Durch die Hintertür jedoch geht eine solche Vereinbarung, nämlich durch eine freiwillige Betriebsvereinbarung, die zusätzlich zu einem Sozialplan vereinbart wird. So hat es auch Neumanns Arbeitgeber gemacht.
Grundsätzlich ist es also möglich, in einer Betriebsvereinbarung eine Verzichtsprämie zu vereinbaren. Das Gericht hat in solchen Fällen eine Missbrauchskontrolle vorzunehmen. Das Bundesarbeitsgericht grenzt die Möglichkeit für Arbeitgeber hier ein, indem es sagt, das Verbot Sozialplanabfindungen von einem Verzicht auf die Erhebung der Kündigungsschutzklage abhängig zu machen, dürfe durch eine solche Betriebsvereinbarung nicht umgangen werden.
Arbeitsgericht spricht nur Sozialplanabfindung zu
Im Gerichtstermin ist Neumann dank seiner Familienangehörigen zugänglicher, die Firma aber nicht mehr. Es kommt zu keinem Vergleich, sondern zu einem Urteil.
Obwohl unter anderem die Höhe der Klageverzichtsprämie mit einem Drittel der Gesamtsumme auch für die Unwirksamkeit der Prämie sprechen kann, spricht das Arbeitsgericht Aachen Neumann nur die Sozialplanabfindung zu. Die Prämie in Höhe von 10.000 € ist dahin.

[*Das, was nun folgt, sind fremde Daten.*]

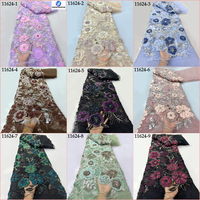 Dentelle africaine Sinya 3D appliquée, 5 yards, vente chaude, avec sequins, cristaux et diamants brodés, tissu de dentelle perlée de luxe pour robe de soirée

Berufung für beide Seiten möglich
Auf einmal soll es schnell gehen. Neumann möchte mit dem Rechtsstreit abschließen, baldmöglichst über das Geld verfügen können und kein Berufungsverfahren mehr führen. Ob im hiesigen Fall die Klageverzichtsprämie wirksam vereinbart wurde, wird also nicht mehr zweitinstanzlich überprüft.
Arbeitnehmer und Arbeitgeber schließen im Nachhinein einen mit dem Urteil textgleichen Vergleich, damit schnell Rechtskraft erreicht wird.
Das sagen wir dazu:
Es kommt vor, Sozialplanabfindungen im Rahmen einer Kündigungsschutzklage erhöhen zu können. Anders als bei einem individuellen Angebot, in dem es heißt „annehmen oder alles riskieren“ ist die Ausgangssituation bei einer Sozialplanabfindung besser. Denn die Sozialpläne enthalten hier meist nur eine Fälligkeitsregelung, wonach bei Kündigungsschutzklagen die Auszahlung erst nach Beendigung des Klageverfahrens fällig wird. Die Abfindung ist also sicher.
Zumindest bei Betriebsänderungen, also wenn die Firma mit einer geschrumpften Belegschaft fortgeführt wird, besteht durchaus ein Risiko für die Firma, dass eine soziale Auswahl erfolgreich angegriffen wird. So kommt es dann schon mal dazu, dass im weiteren Verfahren höhere Abfindungen angeboten werden.
Gibt es jedoch eine zusätzliche freiwillige Betriebsvereinbarung mit einer Klageverzichtsprämie, sollte vor Klageerhebung klar sein, dass diese dann durchaus auch verspielt werden kann.